Live album by Larry the Cable Guy
- Released: March 29, 2005
- Recorded: January 15–16, 2005
- Genre: Comedy
- Length: 56:10
- Label: Warner Bros. Nashville
- Producer: Peter Strickland, J.P. Williams, Larry the Cable Guy (exec.)

Larry the Cable Guy chronology
| A Very Larry Christmas (2004) | The Right to Bare Arms (2005) | Morning Constitutions (2007) |

= The Right to Bare Arms =

The Right to Bare Arms is an album by American comedian Larry the Cable Guy, released on March 29, 2005 on Warner Music Nashville. It has been certified platinum by the RIAA. It was recorded live at the Verizon Wireless Theater (now Bayou Music Center) in Houston, Texas on January 15 and 16, 2005.

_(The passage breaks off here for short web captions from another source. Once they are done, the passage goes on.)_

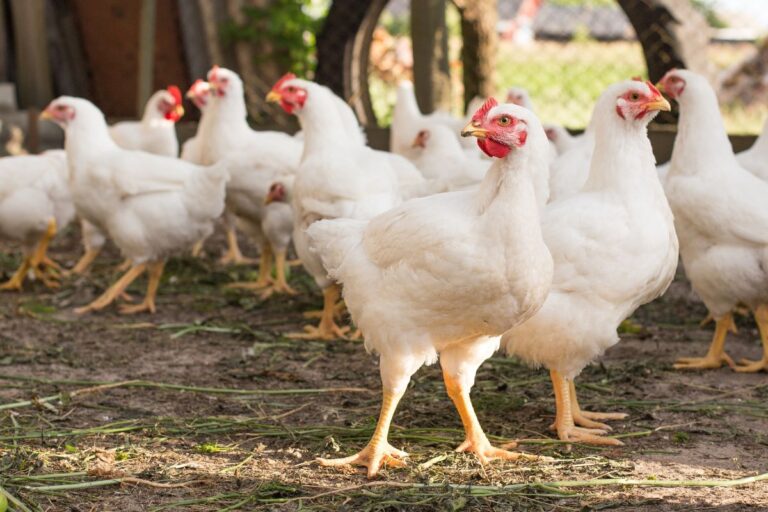Brasil suspende exportações de carnes de aves e derivados para mais de 30 países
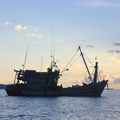 Fragmentation is bad for the fishing business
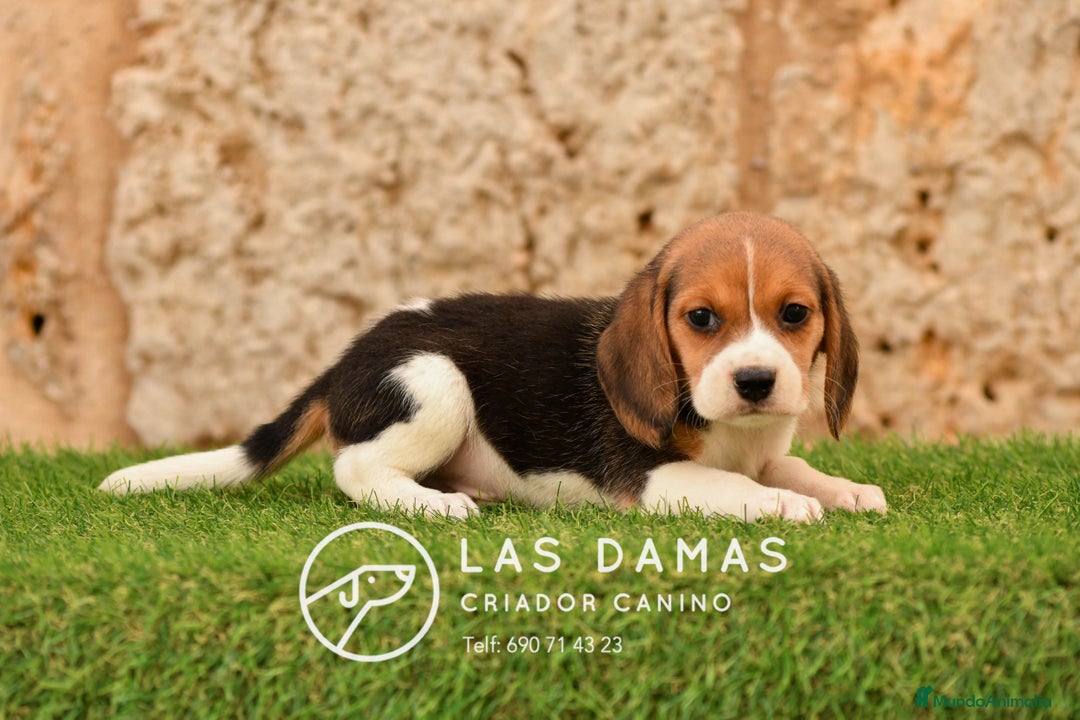Beagle perros en venta: Beagle tricolor - Imagen 3
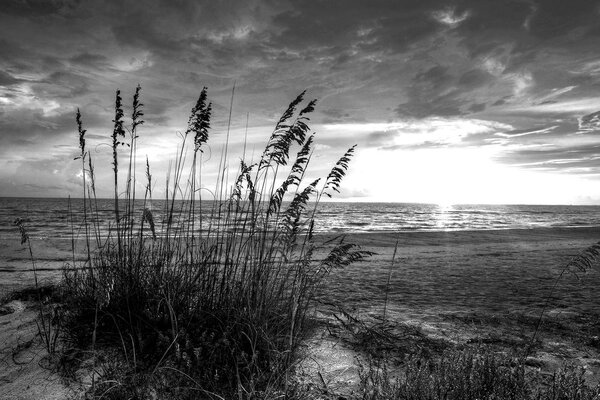 Obraz zachód słońca na plaży w wersji czarno-białej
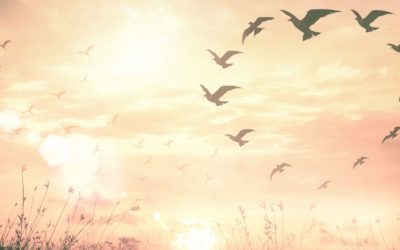 The Great Purging of Fear (Channeled)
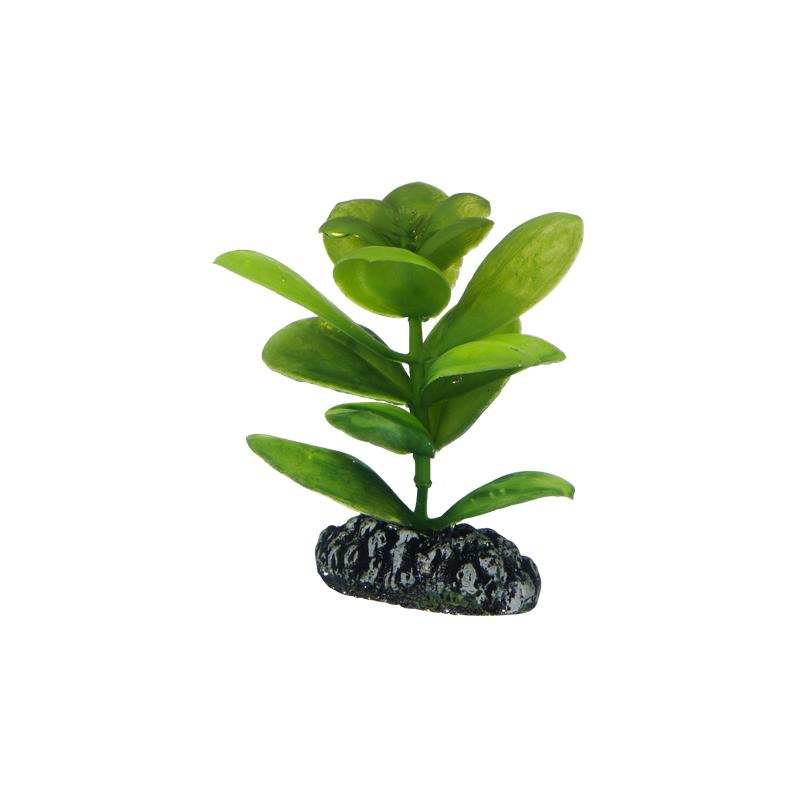 Dohse HOBBY Saururus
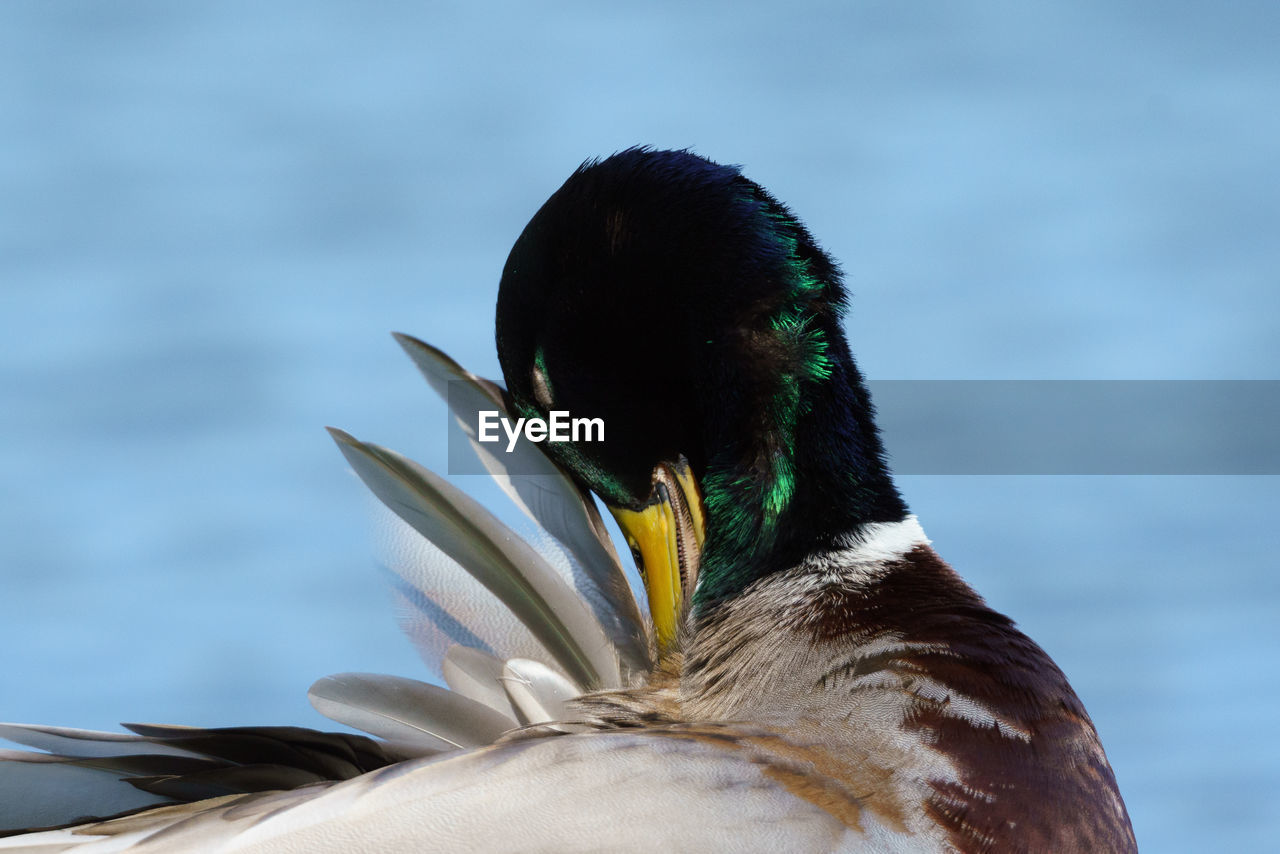 CLOSE-UP OF BIRD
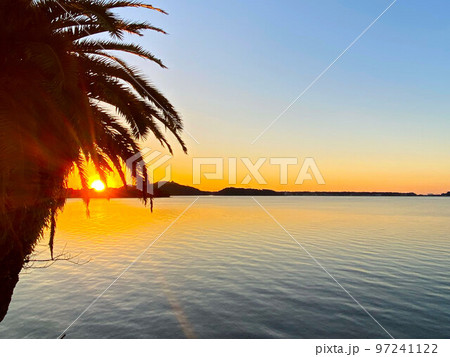 椰子の隙間からのぼる太陽と浜名湖  97241122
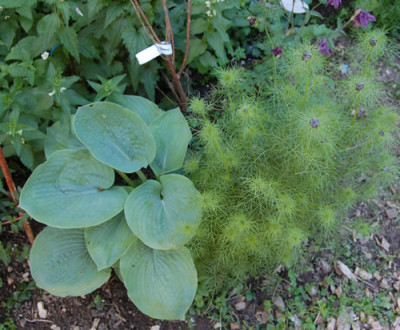 Blaublattfunke_Elegans__Jungfer-im-Grunen_0010__S_5023.jpg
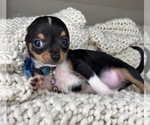 Small #11 Chihuahua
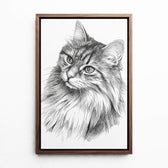 katzenportrait-leinwand-rahmen-walnuss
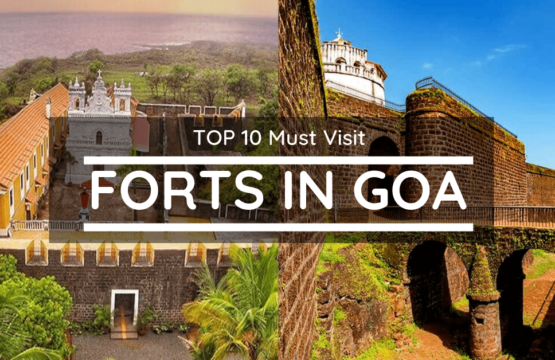 Top 10 Forts in Goa One Must Visit
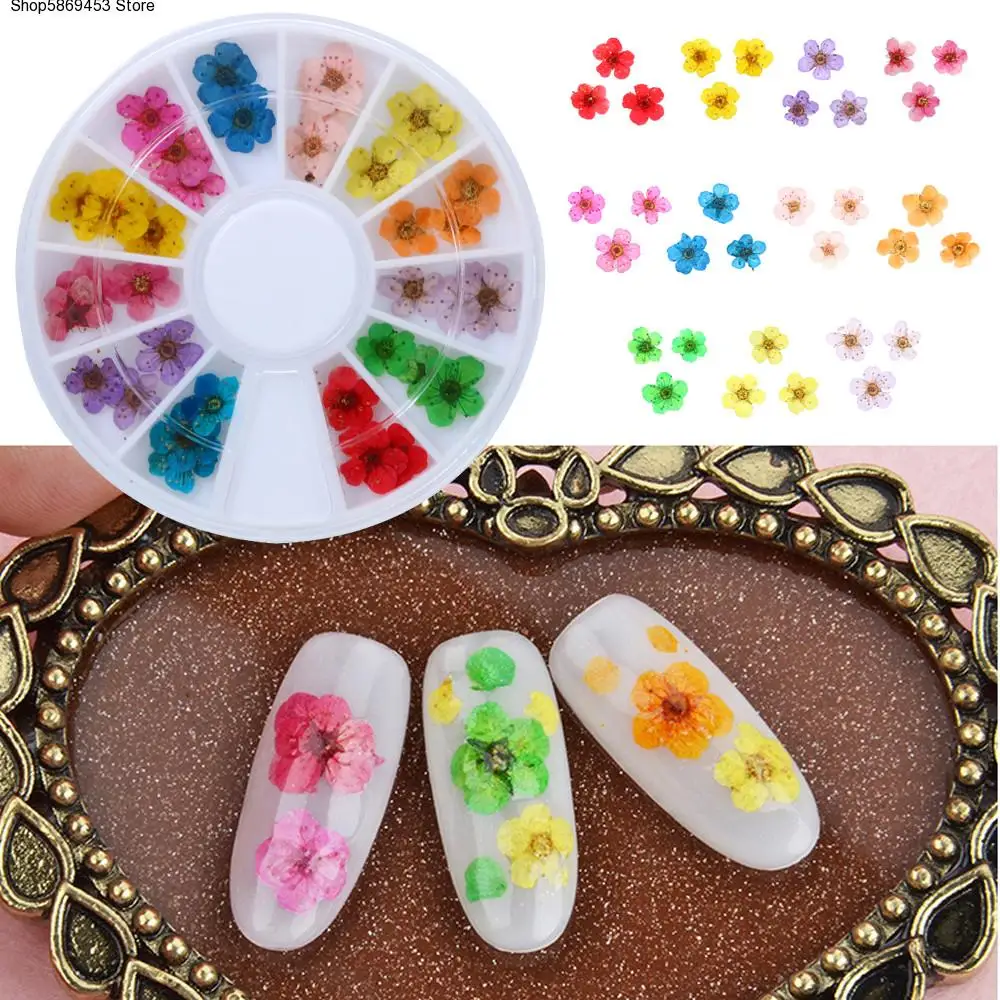 Natural Dry Flowers Set Decals Nail Art 3D Multi Color Floral Slices Gel Polish Decoration DIY Manicure Accessories Hot Selling
Natural Dry Flowers Set Decals Nail Art 3D Multi Color Floral Slices Gel Polish Decoration DIY Manicure Accessories Hot Selling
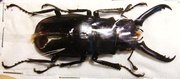 P.giraffa keisukei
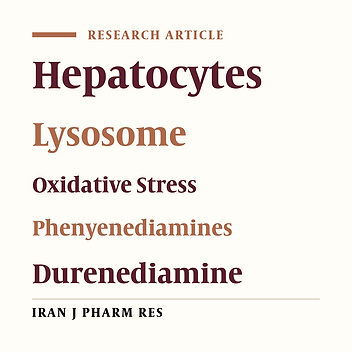 Lysosomal Oxidative Stress Cytotoxicity Induced By Para-phenylenediamine Redox Cycling In Hepatocytes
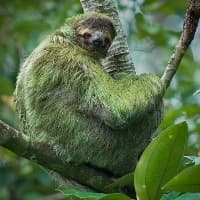 Sloth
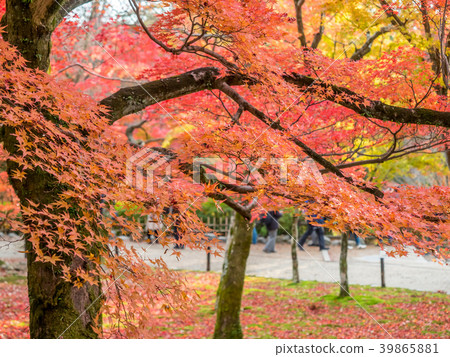 Colorful leaves in Japan autumn 39865881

As of 2014, sales in the United States have exceeded 960,000 copies, according to Nielsen SoundScan.

Professional ratings
Review scores
| Source | Rating |
| Allmusic | Star Half star |

==Track listing==
All material written by Larry the Cable Guy.

1. "Git-R-Done!" – 1:20
2. "Midgets and Gay Bars" – 0:48
3. "WWJD" – 2:20
4. "Las Vegas" – 4:07
5. "Hank Williams Jr. High School" – 1:51
6. "Hooters and Hooters Airlines" – 4:38
7. "Dodge Truck, Retards and Stinkbait" – 1:49
8. "NASCAR" – 3:07
9. "The Right to Bare Arms!" – 4:07
10. "Family in Sanford" – 4:19
11. "Faith Healers and Weight Problems" – 4:02
12. "Romance and Imported Rubbers (I Seen This on TV... No Lie)" – 6:35
13. "Throwed Outta Penney's" – 1:01
14. "Shavin', Waxin', Primpin' and Shootin' Quail! (This Is Funny, I Don't Care Who Ya Are!)" – 3:24
15. "News Items" – 1:25
16. "Song for a Friend (And Other Things I Think About When I'm Hammered at 4 A.M.)" – 4:13
17. "Toddler Mail" – 7:04

==Charts==

===Weekly charts===

| Chart (2005) | Peak position |
|---|---|
| US Billboard 200 | 7 |
| US Top Comedy Albums (Billboard) | 1 |
| US Top Country Albums (Billboard) | 1 |

===Year-end charts===

| Chart (2005) | Position |
|---|---|
| US Billboard 200 | 124 |
| US Top Country Albums (Billboard) | 18 |
| Chart (2006) | Position |
| US Top Country Albums (Billboard) | 60 |

==Certifications==

| Region | Certification | Certified units/sales |
| United States (RIAA) | Platinum | 1,000,000^{^} |
^{^} Shipments figures based on certification alone.